Seeds, Leaves, and Learning: A Literature Review on the Use of Natural Loose Parts as Educational Play Tools in Early Childhood Education
DOI:
https://doi.org/10.58540/pijar.v4i2.1808Keywords:
Educational Play Tools (APE); early childhood education; loose parts; natural materials; seeds and leaves.Abstract
Early childhood education increasingly recognises natural materials as powerful pedagogical resources. This literature review synthesises evidence on the use of seeds (biji-bijian) and leaves (daun-daunan) as Alat Permainan Edukatif (APE), or Indonesian Educational Play Tools, for supporting holistic learning in children aged three to six. A PRISMA-inspired protocol guided the screening of 287 records retrieved from Scopus, DOAJ, Garuda, Google Scholar, and Crossref between January 2016 and March 2026, yielding 46 sources (28 peer-reviewed articles, 12 books, six policy and report documents) that met inclusion criteria. Findings were synthesised thematically using the loose parts theory of Nicholson (1971) and the affordances perspective on nature-based play.
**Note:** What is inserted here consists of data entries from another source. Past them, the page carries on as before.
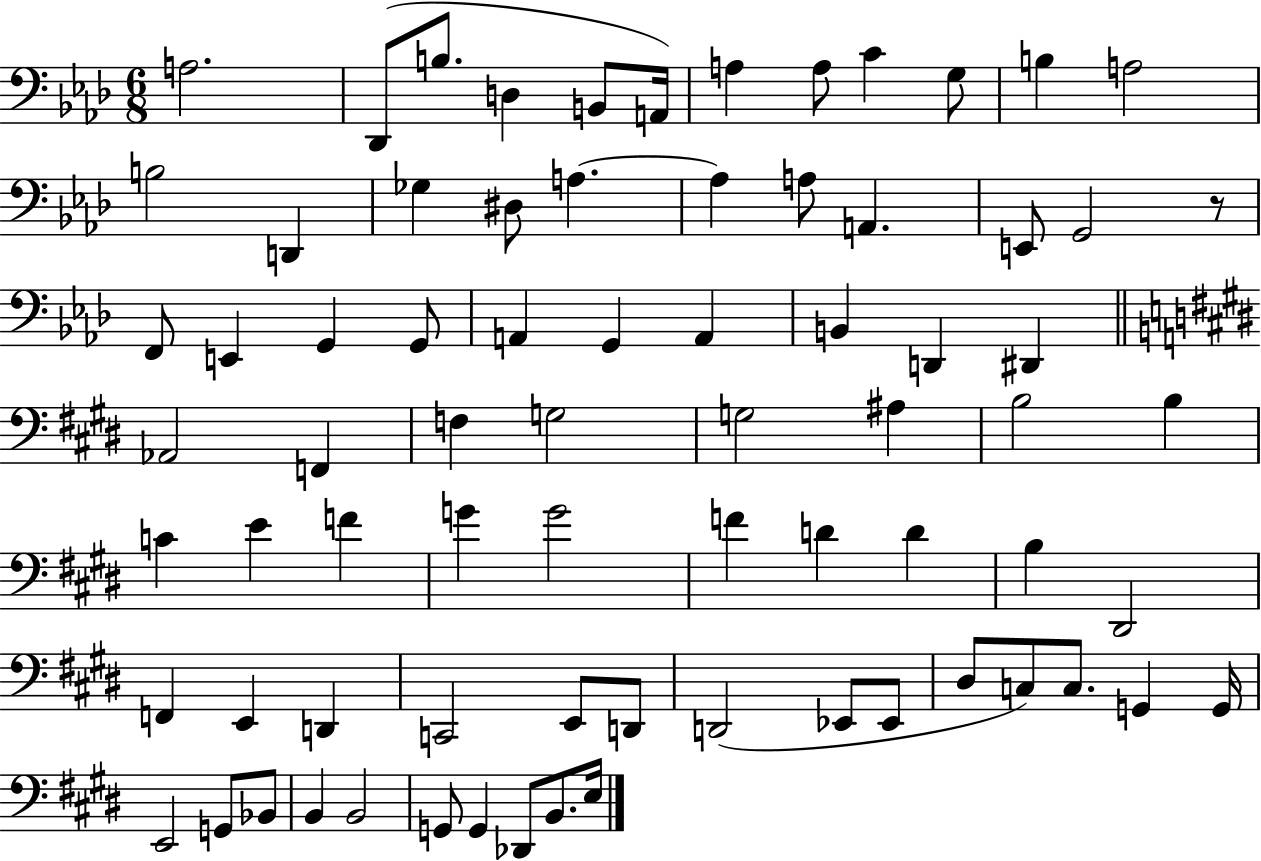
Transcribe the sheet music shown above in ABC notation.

X:1
T:Untitled
M:6/8
L:1/4
K:Ab
A,2 _D,,/2 B,/2 D, B,,/2 A,,/4 A, A,/2 C G,/2 B, A,2 B,2 D,, _G, ^D,/2 A, A, A,/2 A,, E,,/2 G,,2 z/2 F,,/2 E,, G,, G,,/2 A,, G,, A,, B,, D,, ^D,, _A,,2 F,, F, G,2 G,2 ^A, B,2 B, C E F G G2 F D D B, ^D,,2 F,, E,, D,, C,,2 E,,/2 D,,/2 D,,2 _E,,/2 _E,,/2 ^D,/2 C,/2 C,/2 G,, G,,/4 E,,2 G,,/2 _B,,/2 B,, B,,2 G,,/2 G,, _D,,/2 B,,/2 E,/4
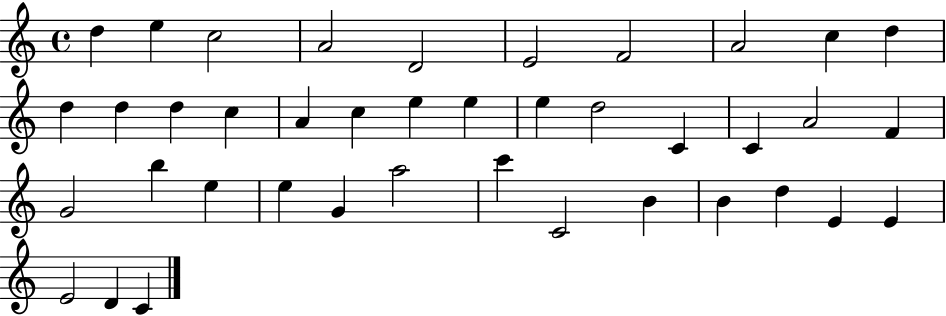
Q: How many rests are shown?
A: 0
Three patterns emerged: (1) seeds and leaves enrich six developmental domains cognitive, fine motor, language, social-emotional, creative, and eco-spiritual with the strongest evidence in fine motor and pre-numeracy outcomes; (2) the educational power of these materials depends on teacher scaffolding rather than the materials alone; and (3) Indonesian tropical ecology offers an under-utilised reservoir of low-cost APE that aligns with the Kurikulum Merdeka and a culturally Islamic ethos of nature stewardship. The review proposes a taxonomic framework that maps material categories to sensory affordances and pedagogical functions, and identifies methodological gaps regarding measurement validity and longitudinal effects.